Hier, je trafiquais je ne sais pas quoi sur mon ordinateur, avec en bruit de fond les bavardages de la chérie et du machin. Ils bavardent beaucoup. Le reste du temps ils s'engueulent.
Je les entendais sans vraiment les écouter, quand le sujet de leur conversation a éveillé mon intérêt.

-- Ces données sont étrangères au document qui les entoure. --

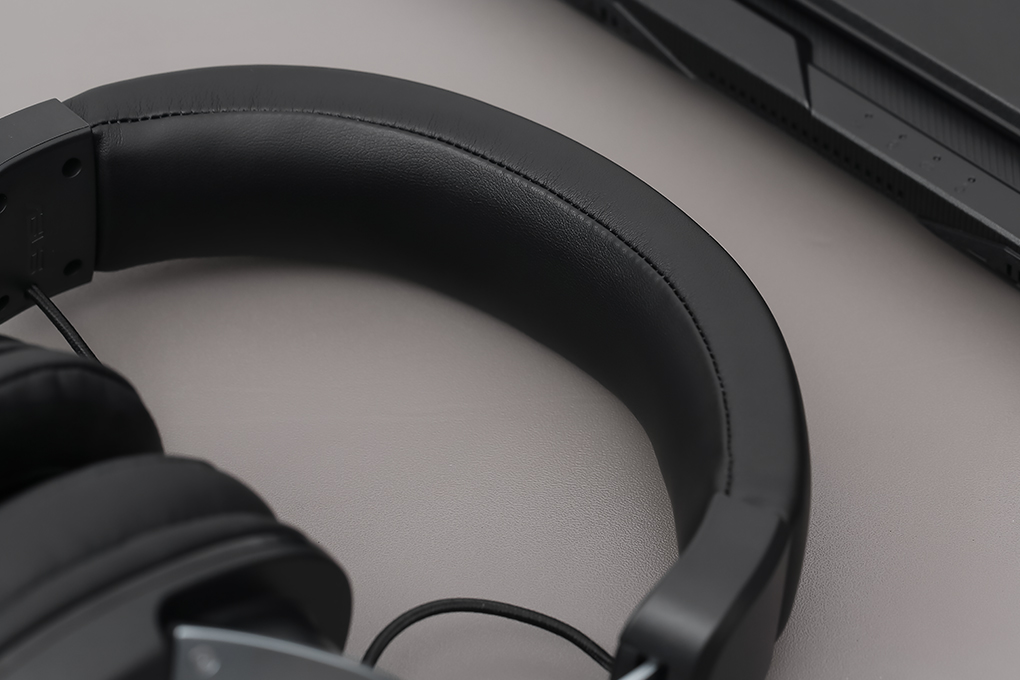 Tai nghe Chụp Tai Gaming Asus TUF H3 Màu Đen - Xám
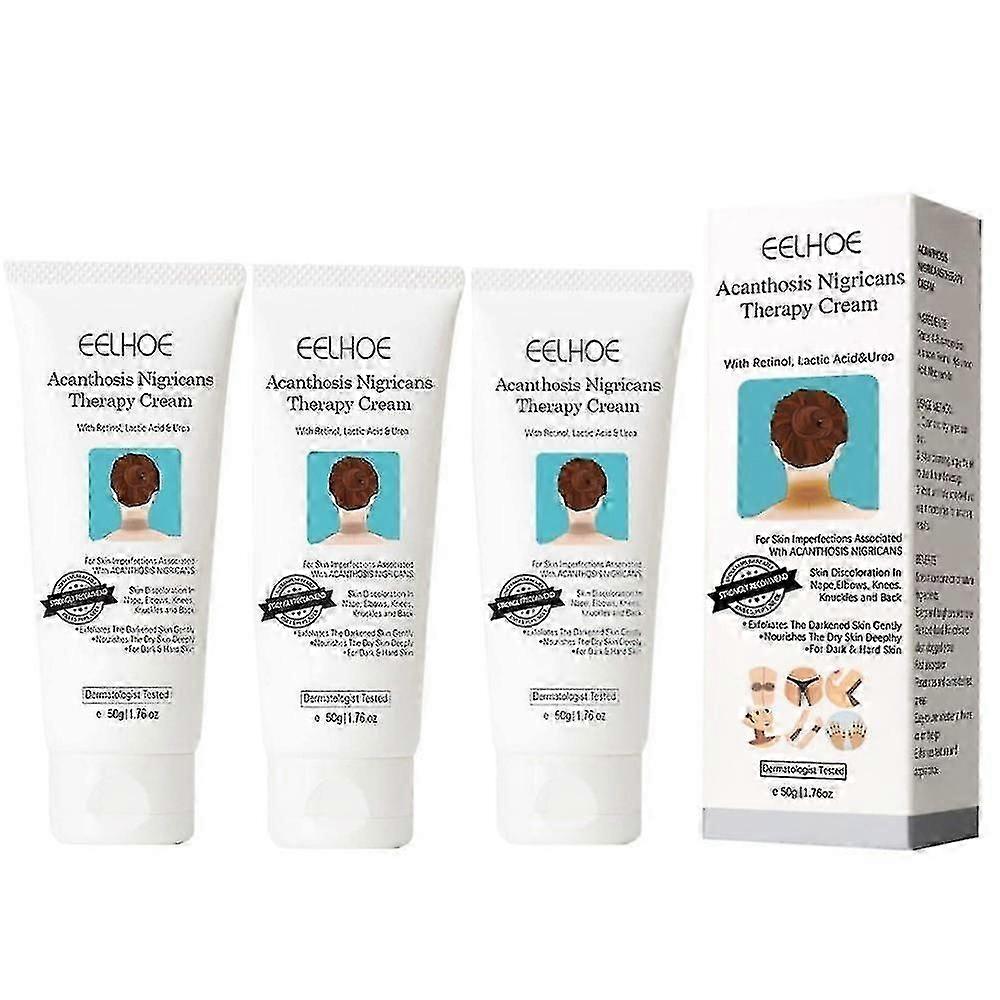 3 قطع الشواك كريم نيجريفيكس كريم للشواك الأسود بقعة سوداء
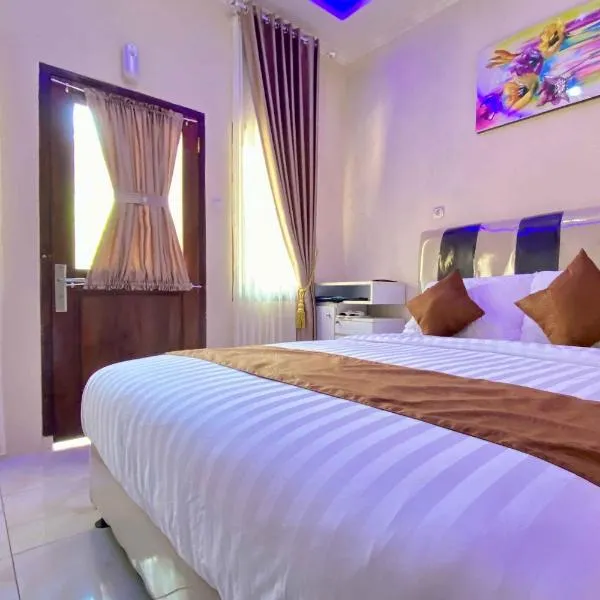 Homestay Banteng Adventure Dieng Mitra RedDoorz，位于Kejajar的酒店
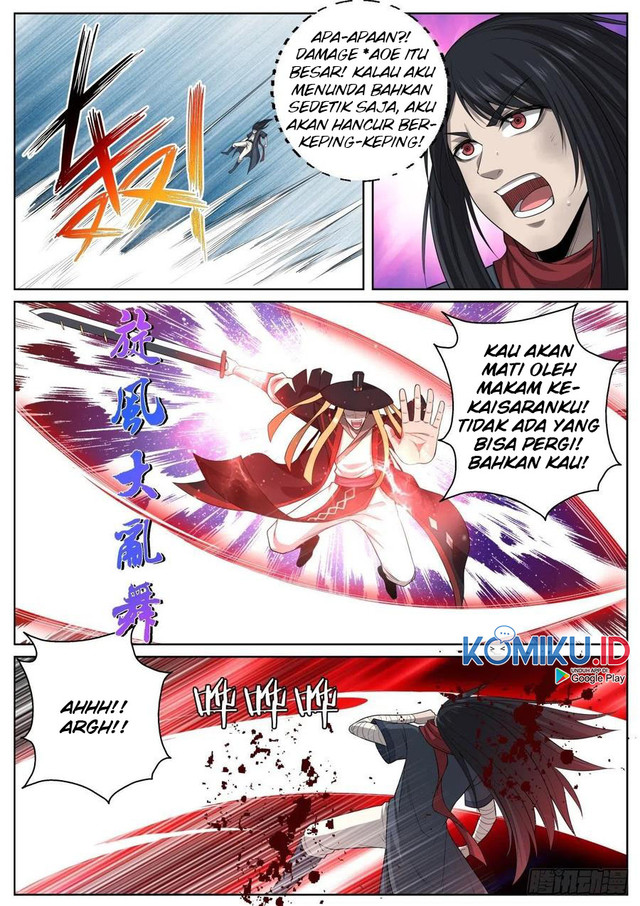 Extreme Mad Emperor System (Supreme Mad Emperor System) Chapter 80 Gambar 12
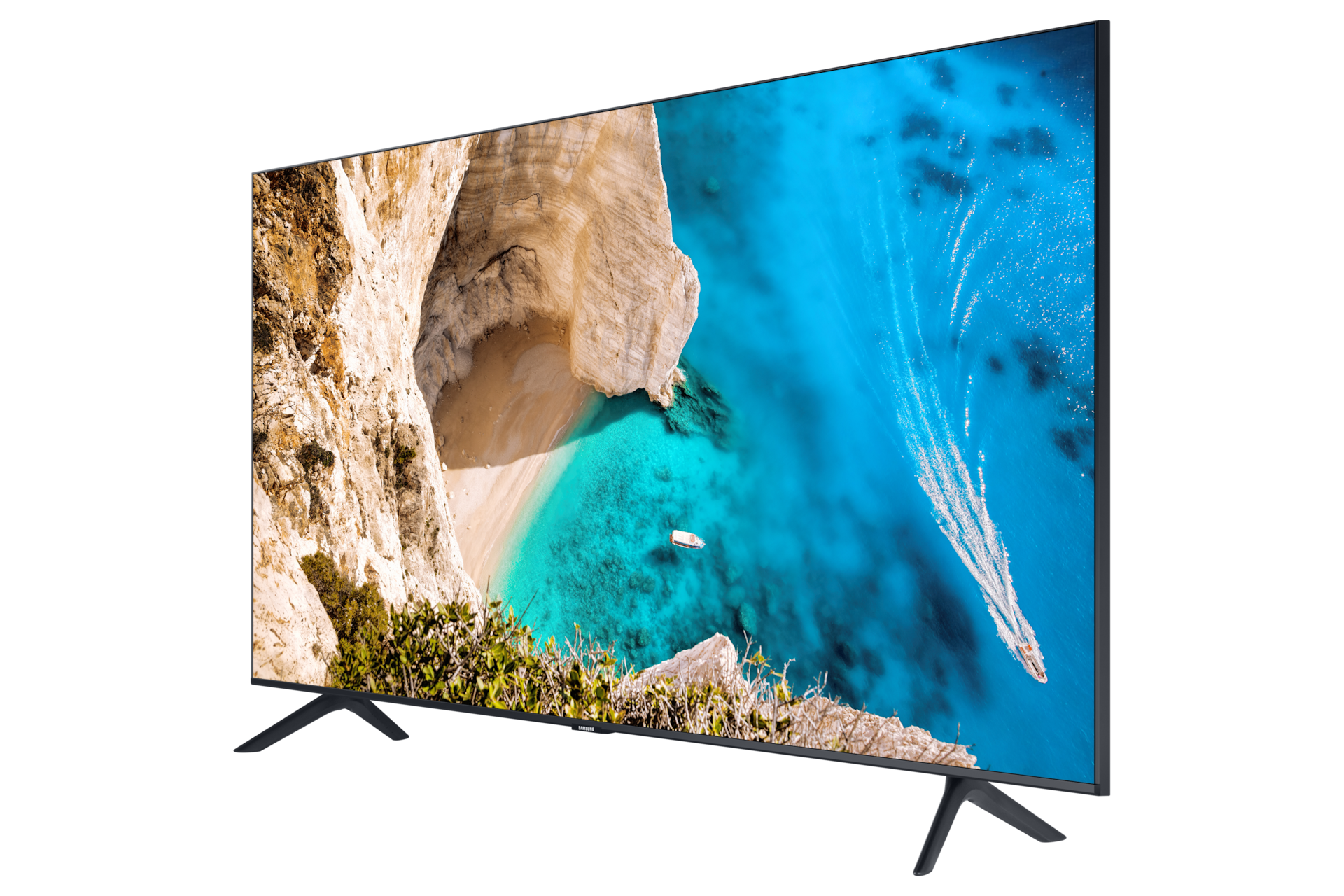 TV Khách Sạn Samsung HT690U sẽ là sự lựa chọn tuyệt vời cho mọi khách sạn muốn mang đến trải nghiệm tối ưu cho khách hàng của mình. Với chất lượng hình ảnh và âm thanh cao cấp cùng khả năng điều khiển thông minh, TV Khách Sạn Samsung sẽ là điểm nhấn tuyệt vời cho mỗi không gian phòng.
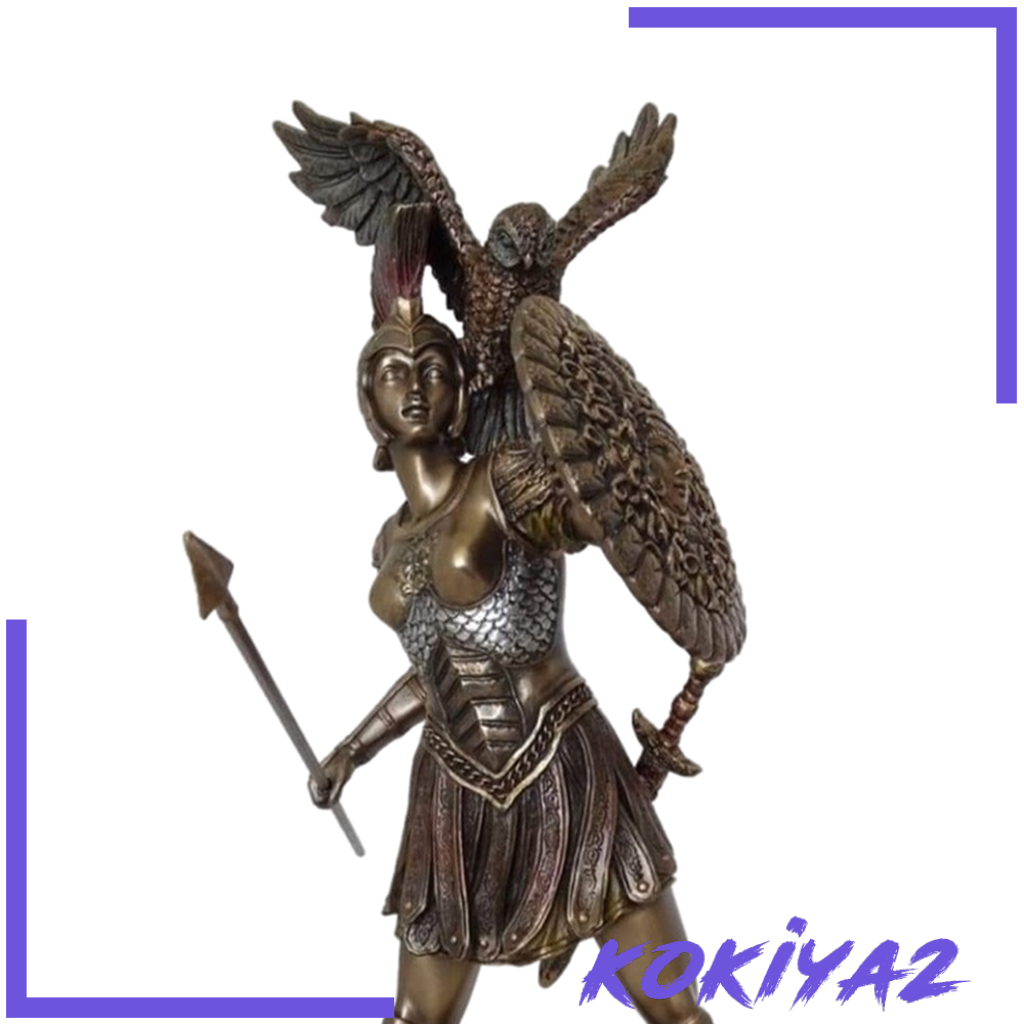 Mô Hình Nữ Thần Hy Lạp Kokiya2 Bằng Nhựa Resin Dùng Trang Trí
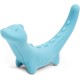 Nylabone Eggi Interactive Dog Toy for Small Dogs, Lightweight, Bouncy, Buoyant, for Creative Play & Dog Training Nylabone Eggi Interactive Dog Toy for Small Dogs, Lightweight, Bouncy, Buoyant, for Creative Play & Dog Training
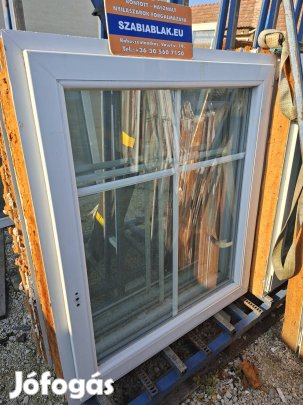 Műanyag ablakok 104×120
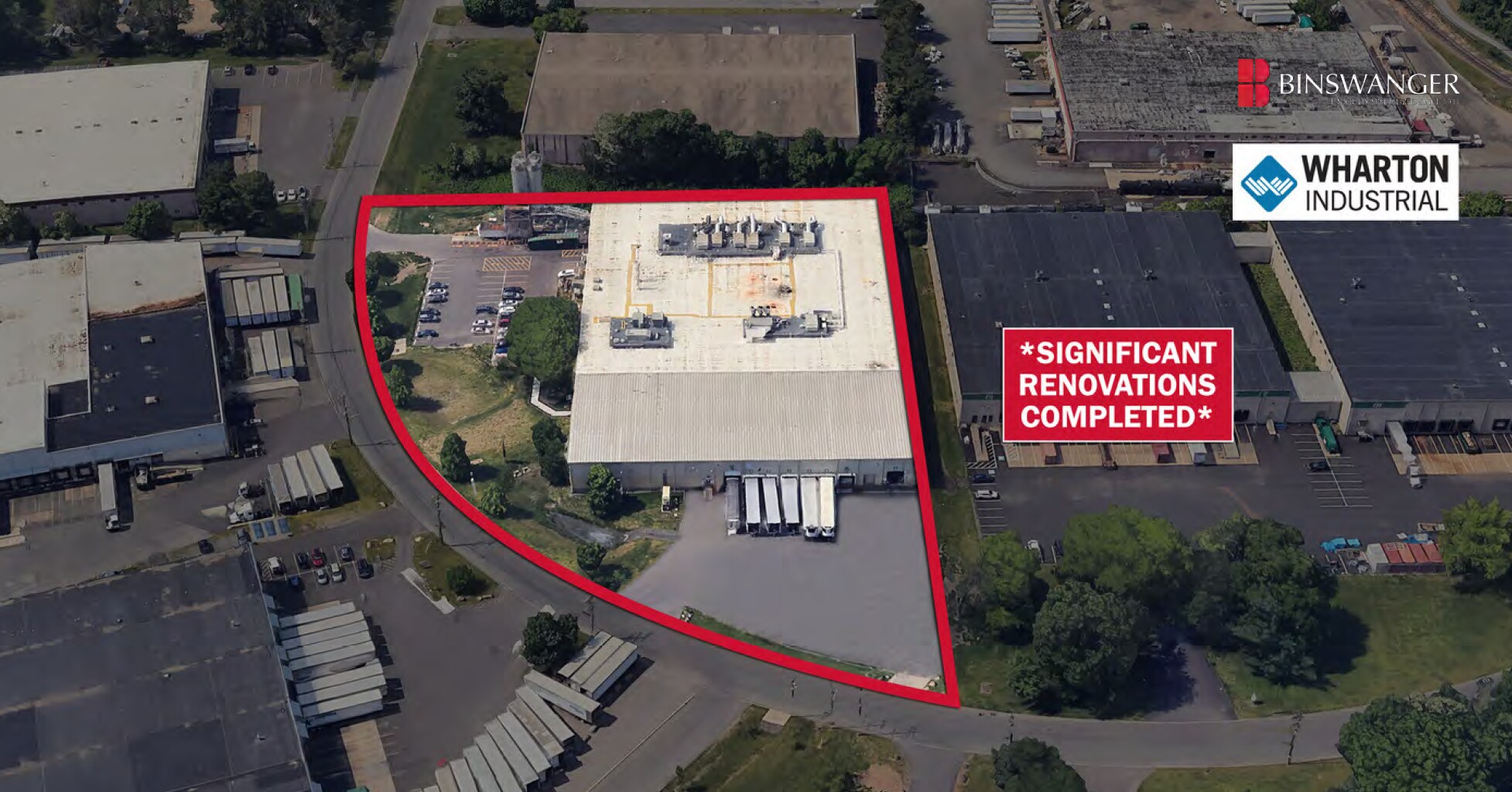 250 Canal Rd, Fairless Hills, PA à louer Photo principale– Image 1 sur 10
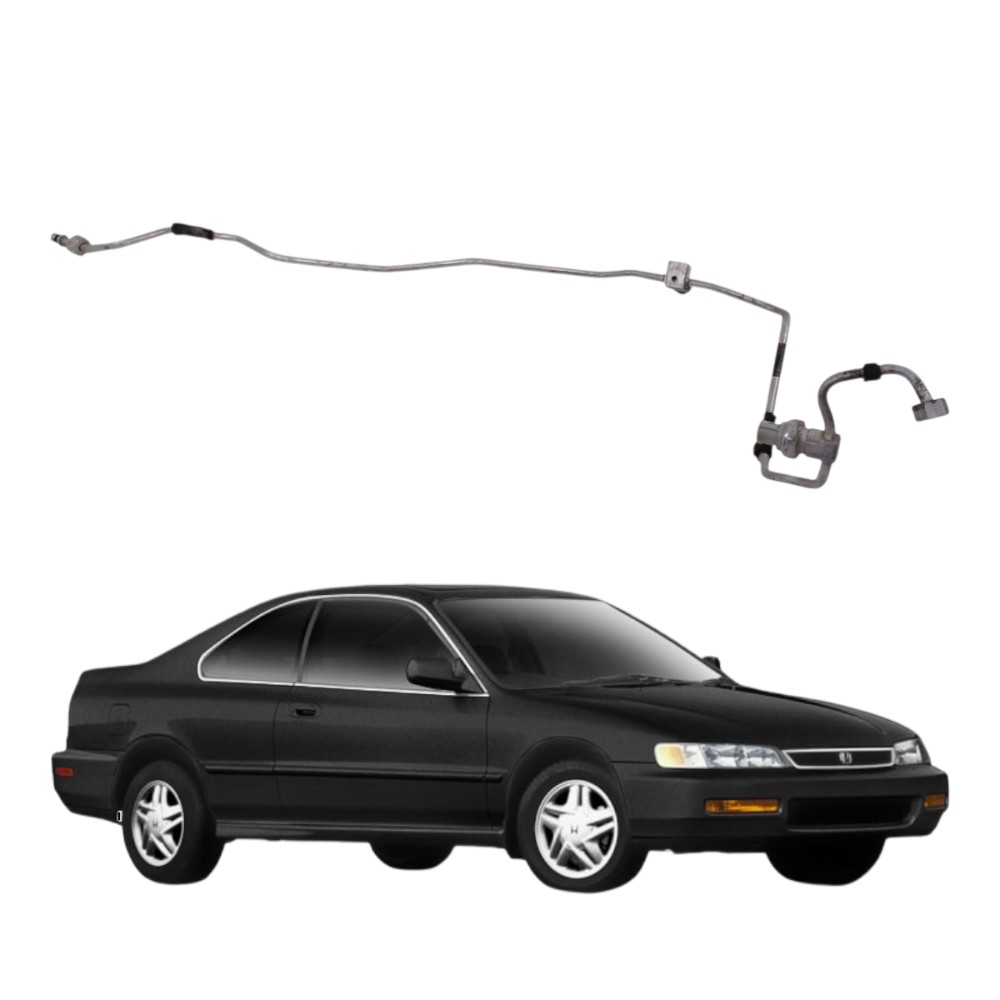 Mangueira Tubo Ar Sensor Honda Accord 1993 1997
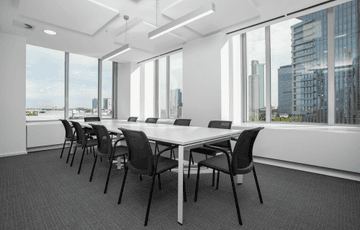 MR 01 — Spaces FRANKFURT, Spaces Omniturm, Frankfurt am Main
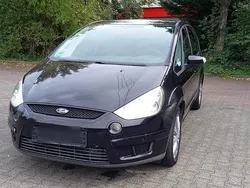 Grau Gebraucht 2006 Ford S-MAX S Van / Kleinbus | 1.450 €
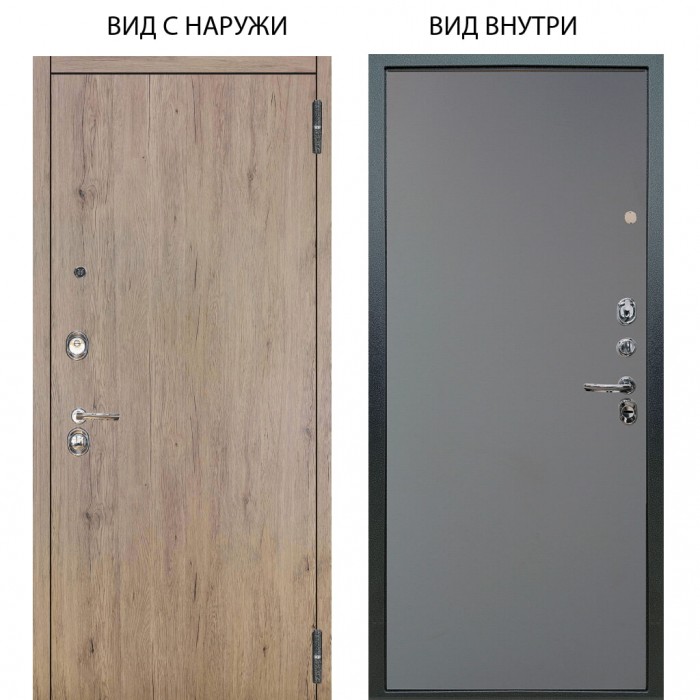 Люкс 3К / Элегант Рустик соломенный / Элегант Силк маус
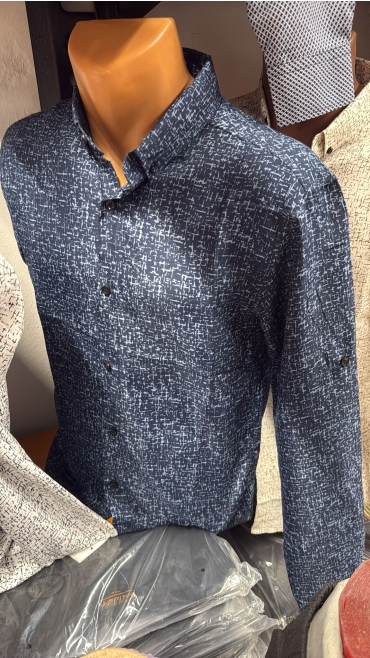 camasa barbati s-2xl 5/set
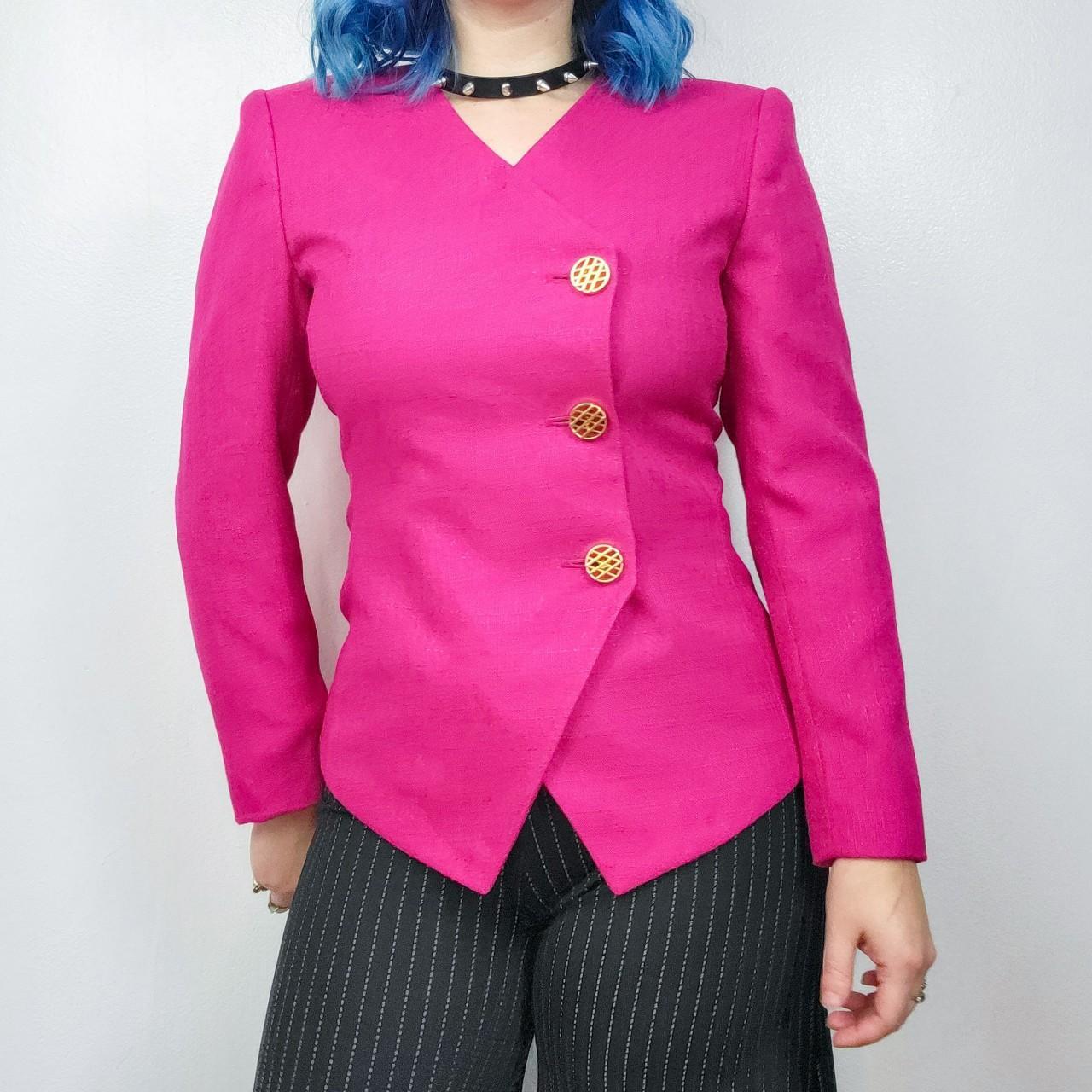 Kasper clearance pink jacket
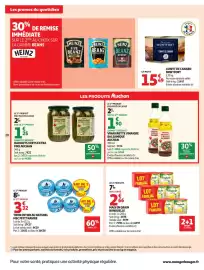 Catalogue Auchan Supermarché page 20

"C'était bien, Trouville, hein, on s'est trop marrés (immense satisfaction de la mère qui a su donner du bonheur à ses enfants) - Ouais, c'était trop cool, j'ai trop (ils disent "trop" tout le temps, ce n'est pas mon style qui s'émousse, c'est une retranscription réaliste de la conversation, ndlr) envie qu'on y retourne, des week-ends comme ça on en voudrait tout le temps (on y retournera mes amours, c'est précieux, cette faculté de jouir du temps présent, de reconnaître le plaisir quand on l'éprouve, je suis fière de vous mes oiseaux) - La mer, la plage, les coquillages, c'est trop stylé - Et avec le cerf-volant, on a ri-go-lé ! - Et les Vapeurs ! C'est les meilleures frites du monde, à mon avis - Mon meilleur moment à moi, c'est quand on est rentrés du restaurant, que c'était trop la nuit et qu'on racontait n'importe quoi sur le chemin (et en plus, ce qui leur plait le plus ne coûte pas un sou, j'ai enfanté des poètes, des épicuriens)".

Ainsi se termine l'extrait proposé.